Chapitre 32 : Jamais très loin
La bande des jeunes était aux jeux en bois. Certains étaient assis sur l’un des deux bancs qui se faisaient face, d’autres se tenaient debout, à discuter. Ils avaient l’air de bien se marrer. On les entendait rire et s’invectiver en ricanant. Ils arboraient leur habituelle allure arrogante, mains dans les poches de leur pantalon de survêtement ou de leur jean. La plupart avait une casquette vissée en permanence sur la tête.
Pas Adam, qui était planté au milieu d’eux, comme un chef qui aurait convoqué les membres de son armée. Crâne rasé et barbe de plusieurs jours, il portait une tenue sombre qui seyait à sa peau mate. Même de loin, je pouvais voir à quel point il était beau.
Mathilde et moi traversâmes le terrain de basket, situé à l’opposé du lieu de leur meeting. Tout en marchant le plus lentement possible pour profiter du spectacle, nous les observions discrètement, comme une espèce à part qu’il fallait étudier à la loupe pour en comprendre le fonctionnement. Ils s’apostrophaient les uns les autres sans arrêt, se vannaient pour un oui ou un non. Pourquoi se chahutaient-ils toujours autant, à grands renforts de cris et de gros mots ?
Ces gamins, ces hommes en devenir, nous intriguaient.
Elle me proposa de s’asseoir sur le parapet d’un muret bordant le terrain de jeux des enfants. Je voulus refuser mais elle s’y installa sans attendre. Je n’allais pas la tirer par le bras pour continuer à avancer et nous ridiculiser. Nous nous mîmes à dégoiser comme à notre habitude, pour passer le temps, jetant des œillades furtives en direction de la troupe bruyante.
Soudain, de l’autre côté de la pelouse, Adam serra des mains et s’éloigna de son groupe d’un pas rapide. Je compris qu’il se dirigeait vers nous. Mon cœur commença à palpiter.

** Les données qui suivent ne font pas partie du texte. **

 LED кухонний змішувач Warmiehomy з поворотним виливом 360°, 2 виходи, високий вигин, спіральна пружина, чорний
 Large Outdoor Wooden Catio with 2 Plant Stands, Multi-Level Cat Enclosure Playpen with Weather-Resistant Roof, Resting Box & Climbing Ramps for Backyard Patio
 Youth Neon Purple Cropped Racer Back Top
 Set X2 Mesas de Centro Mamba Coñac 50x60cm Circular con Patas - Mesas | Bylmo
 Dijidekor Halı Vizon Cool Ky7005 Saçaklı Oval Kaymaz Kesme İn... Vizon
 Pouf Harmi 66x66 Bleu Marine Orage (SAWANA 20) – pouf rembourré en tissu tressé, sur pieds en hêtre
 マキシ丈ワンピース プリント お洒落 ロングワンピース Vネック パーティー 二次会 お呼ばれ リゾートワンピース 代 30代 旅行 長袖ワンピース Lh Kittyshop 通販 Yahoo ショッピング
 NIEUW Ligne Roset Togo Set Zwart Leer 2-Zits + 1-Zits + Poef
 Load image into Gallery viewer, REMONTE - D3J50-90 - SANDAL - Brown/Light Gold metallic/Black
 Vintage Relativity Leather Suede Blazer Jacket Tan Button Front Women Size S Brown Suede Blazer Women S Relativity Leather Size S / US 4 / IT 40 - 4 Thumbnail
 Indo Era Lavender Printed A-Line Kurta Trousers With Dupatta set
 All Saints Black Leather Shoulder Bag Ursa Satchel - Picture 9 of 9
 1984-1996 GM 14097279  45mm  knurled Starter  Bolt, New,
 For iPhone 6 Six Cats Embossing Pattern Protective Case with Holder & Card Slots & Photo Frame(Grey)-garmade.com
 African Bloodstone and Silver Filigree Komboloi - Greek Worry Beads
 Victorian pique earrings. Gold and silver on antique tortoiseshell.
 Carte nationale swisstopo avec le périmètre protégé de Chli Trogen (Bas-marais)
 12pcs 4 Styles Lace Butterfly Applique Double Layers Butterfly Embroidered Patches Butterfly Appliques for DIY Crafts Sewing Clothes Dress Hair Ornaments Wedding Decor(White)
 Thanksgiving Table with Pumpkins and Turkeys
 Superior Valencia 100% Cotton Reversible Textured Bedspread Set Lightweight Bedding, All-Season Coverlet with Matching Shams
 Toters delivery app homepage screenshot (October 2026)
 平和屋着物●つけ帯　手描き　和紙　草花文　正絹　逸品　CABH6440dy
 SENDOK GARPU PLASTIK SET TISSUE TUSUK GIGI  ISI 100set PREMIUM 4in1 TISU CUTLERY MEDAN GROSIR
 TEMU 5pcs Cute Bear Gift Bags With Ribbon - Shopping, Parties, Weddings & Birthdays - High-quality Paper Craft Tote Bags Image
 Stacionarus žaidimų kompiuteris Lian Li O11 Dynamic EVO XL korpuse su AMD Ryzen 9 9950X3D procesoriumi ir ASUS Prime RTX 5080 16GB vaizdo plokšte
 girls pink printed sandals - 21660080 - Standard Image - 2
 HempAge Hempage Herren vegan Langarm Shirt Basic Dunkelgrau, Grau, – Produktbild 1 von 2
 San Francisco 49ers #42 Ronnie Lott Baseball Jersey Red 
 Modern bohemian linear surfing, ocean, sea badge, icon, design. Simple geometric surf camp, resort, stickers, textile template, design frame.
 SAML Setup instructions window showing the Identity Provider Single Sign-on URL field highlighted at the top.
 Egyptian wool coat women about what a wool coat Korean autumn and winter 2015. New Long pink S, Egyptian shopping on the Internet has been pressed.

Il passa juste à côté et, contre attente, s'arrêta et me lança :
— Ça va, Anna ?
Pas un mot pour Mathilde, il n’avait salué que moi.
Il était posté devant nous mais ne regardait que dans ma direction. Il n’attendit pas la réponse avant de reprendre :
— J’ai un autre livre pour toi, si ça te dit.
J’étais tellement estomaquée que je hochai simplement la tête, espérant que cela suffirait. Il le sortit de derrière son dos. Le bouquin était coincé sous la ceinture de son jean. Il me le tendit et je l’attrapai avant d’en feuilleter rapidement le contenu. Des tonnes d’annotations me sautèrent au visage.
Oui, oui, oui !
Je refermai le livre et découvris enfin le titre. La Belgariade, un pavé de fantasy que j’avais déjà dévoré l’été dernier. Passionnant mais, à l’époque, je n’avais pas les commentaires de l’homme qui me rendait complètement chèvre et qui, à coups sûrs, allaient rendre ma lecture encore plus savoureuse.
— Déjà lu ?
— Jamais, mentis-je effrontément.
— Je te le laisse alors.
— Tu veux que je te redonne les deux autres que tu m’as prêté ? Ils sont à la maison.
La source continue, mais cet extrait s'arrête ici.